Mustafa konuşacakmış gibi oldu ama onun daha fazla konuşmasını istemiyordum. "Bak ben evleneceğim sevdiğim ve beni yarı yolda bırakmayacağına inandığım adamla sende öyle yap yoluna devam et ve rica ediyorum. Beni aklından sil, ben yokmuşum, hayatına hiç girmemişim gibi yap çünkü ben öyle yapacağım." dedim ve yüzüne kapattım.
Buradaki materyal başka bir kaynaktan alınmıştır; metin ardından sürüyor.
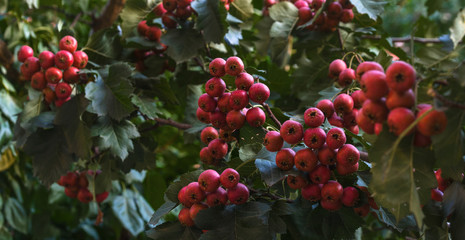 The ripe hawthorn on a hawthorn tree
Telefonu kalbimin üzerine koyup, derin bir nefes aldım. Baran arkamdaydı ona sırtımı dönmüştüm. Ona hissettirmesem de ona güveniyordum ama bu korku hep var olacaktı. Baran kollarını belime sarmış, çenesi de omzumdaydı. Ondan kaçmak istemiyordum. Telefonu yatağa atıp, elimi başına, saçlarının tam üstüne koydum. Dudakları tenime baskı yaparken gözlerimi kapatmıştım. "Sana benden zarar gelmez Derya'm. Sen benden kaçtıkça, bana her ters yaptığında, ben yine sana güllerle geleceğim. Beni sevsen de sevmesen de." dedi ve tekrar omzumdan öptü.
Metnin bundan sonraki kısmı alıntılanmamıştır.